Medically reviewed by

Dr. Jain Vicky Ghewarchand

Published At December 29, 2022
Reviewed AtFebruary 7, 2023

Introduction:

Human legs commonly referred to as lower extremities comprise the foot, legs, thigh, and gluteal region. They are essential to maintain balance and locomotion. Reconstruction of lower extremities is often challenging and is necessary to establish the functionality. Reconstruction's primary aim is to preserve limbs along with form and function.

What Are the Causes of Lower Extremity Dysfunction?

  • Trauma or injury.

  • Accident.

  • Malignancy.

  • Congenital disorders.

  • Infections.

  • Degenerative diseases.

  • Chronic illness.

Why Is Flap Reconstruction Needed?

Flap reconstruction is needed to achieve the following:

  • Restoration of form and function.

  • Proper soft tissue coverage for the nourishment of bone.

  • Rehabilitation of muscles and joints with flexible movement.

  • Proprioception.

  • Aesthetic purpose.

How Is Reconstruction Done?

1) Physical Examination:

  • This procedure involves inspection of the wound, assessing the loss of tissue, the presence of any infection, and vascular supply to surrounding structures.

  • Apart from the wound, the surrounding structures are also evaluated for any injury or loss of sensation caused by accidents, debilitating diseases, or edema.

  • Once the proper examination is done, the surgeon will debride the site and suggest the treatment best suited for patients.

2) Patient Evaluation:

These include

  • Patient age and body mass assess the recovery; the younger the age, the greater the recovery.

  • The presence of chronic debilitating diseases such as diabetes causes delayed wound healing and chances of infection due to poor blood perfusion.

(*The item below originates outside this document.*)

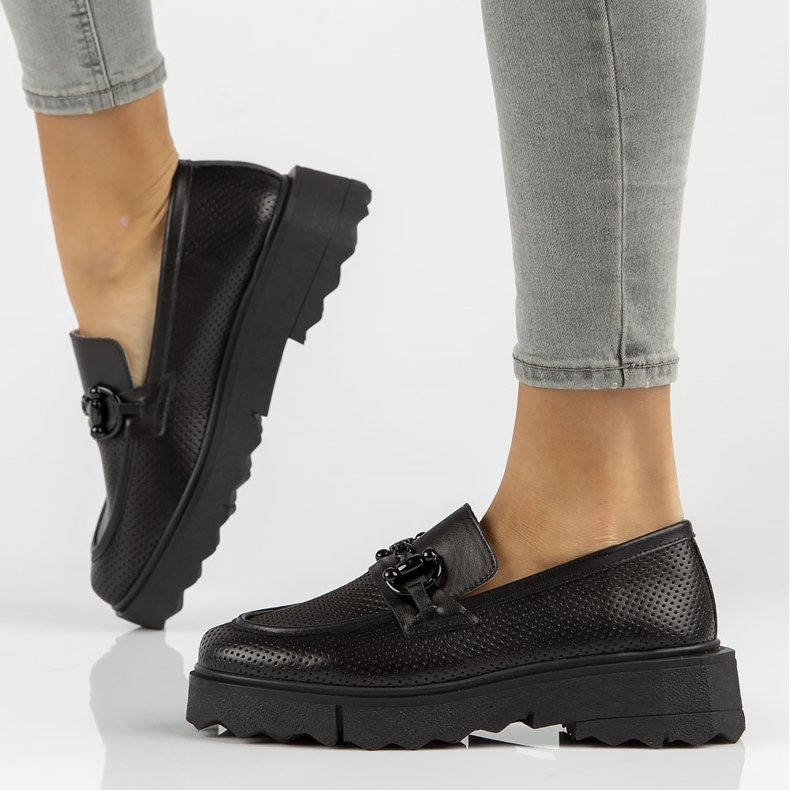 Pantofi din piele Filippo DP3910 / 22 Bk negru 1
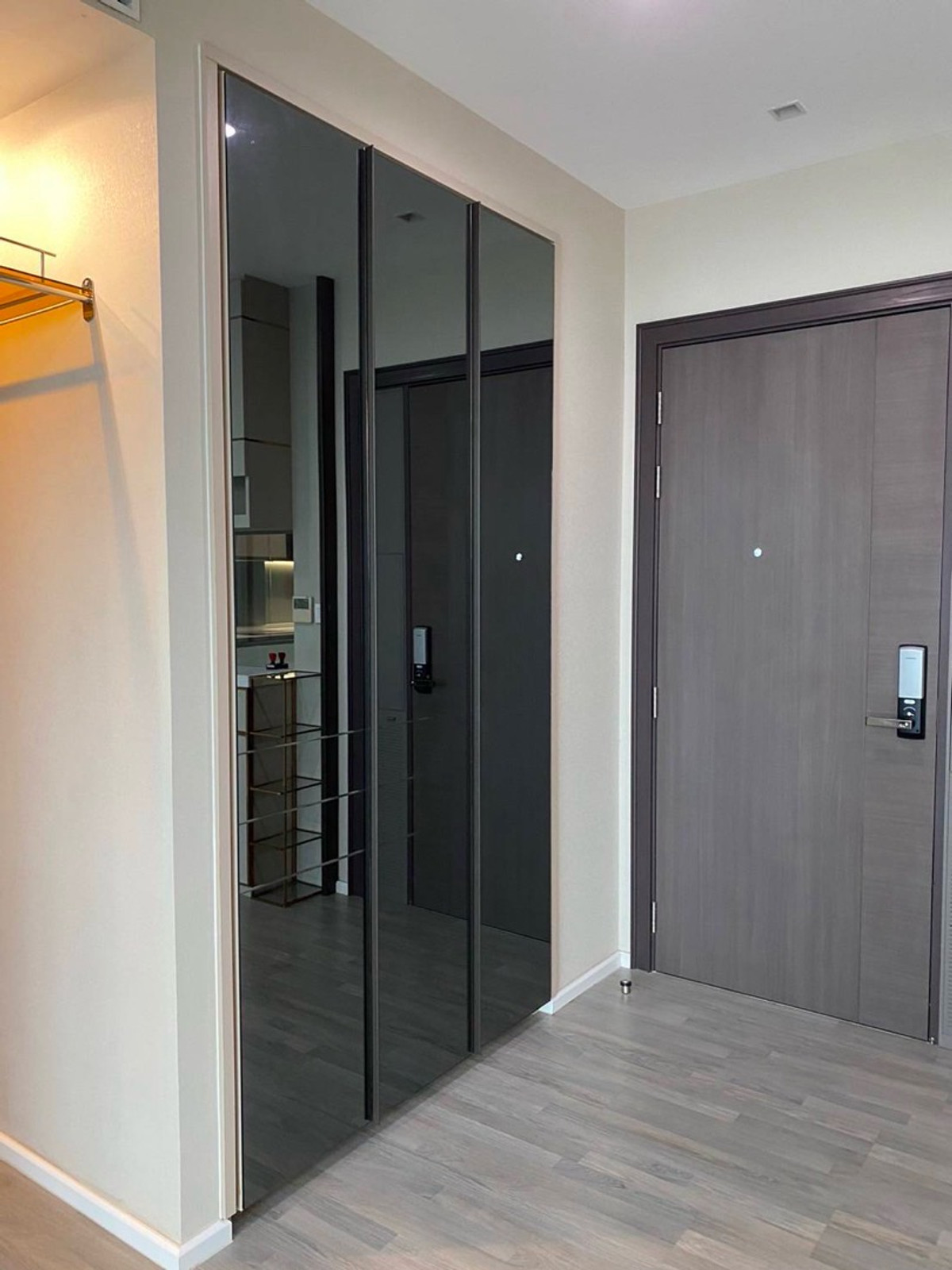 ขายคอนโดบางซื่อ วงศ์สว่าง เตาปูน : 333 ริเวอร์ไซด์ **ขายด่วน** 2 นอน ชั้นสูง วิวแม่น้ำ พร้อมอยู่ ราคาเพียง 12.5 ล้านเท่านั้น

  • Habits such as smoking.

  • Underlying systemic diseases like cardiac and respiratory diseases require attention as they impact rehabilitation.

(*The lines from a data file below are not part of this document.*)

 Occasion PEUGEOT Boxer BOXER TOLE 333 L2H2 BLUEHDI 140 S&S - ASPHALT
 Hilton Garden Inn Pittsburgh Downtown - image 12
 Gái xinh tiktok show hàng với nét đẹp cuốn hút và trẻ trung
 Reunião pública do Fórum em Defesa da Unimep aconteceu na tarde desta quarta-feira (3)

  • Dietary habits such as nutrition play an essential role in recovery and reconstruction.

3) Patient needs and desires:

These include

  • Expectations of the patients regarding the outcome of surgery, like rehabilitation of the limb to maintain the function with the least importance to aesthetics or proper rehabilitation along with aesthetics.

  • Cost of surgery.

  • Concern about complications.

  • Need for an experienced surgeon.

4) Preoperative Preparation:

  • Before the procedure, the surgeon will evaluate the design of the flap. The length of the flap is usually higher to avoid tension.

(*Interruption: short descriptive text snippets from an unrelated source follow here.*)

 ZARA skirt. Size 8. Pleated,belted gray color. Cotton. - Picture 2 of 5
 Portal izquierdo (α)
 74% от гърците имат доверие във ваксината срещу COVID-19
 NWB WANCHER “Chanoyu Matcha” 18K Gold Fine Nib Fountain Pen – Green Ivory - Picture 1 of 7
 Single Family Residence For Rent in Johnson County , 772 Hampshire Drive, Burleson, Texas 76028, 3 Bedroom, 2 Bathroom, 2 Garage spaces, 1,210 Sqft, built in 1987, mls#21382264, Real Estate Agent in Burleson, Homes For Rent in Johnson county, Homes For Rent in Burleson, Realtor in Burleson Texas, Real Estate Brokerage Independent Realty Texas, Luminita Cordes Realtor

  • The surgical site is cleaned, and a sterile environment is created.

  • A tourniquet is tied above the surgical procedure to provide a bloodless environment.

Who Will Do the Surgery?

  • An experienced plastic surgeon who is a trauma specialist.

  • Generally, this surgery is done simultaneously with bone fixation involving an orthopedic surgeon.

  • Once the bony fixation is done, the flap surgery is done immediately or preferably within a week.

What Is a Flap Reconstruction?

Flap reconstruction is a procedure in which tissue is surgically removed and transferred from one part of the body to another for reconstruction purposes. Sometimes tissue is removed along with its blood supply (artery and vein) and transplanted to the desired site.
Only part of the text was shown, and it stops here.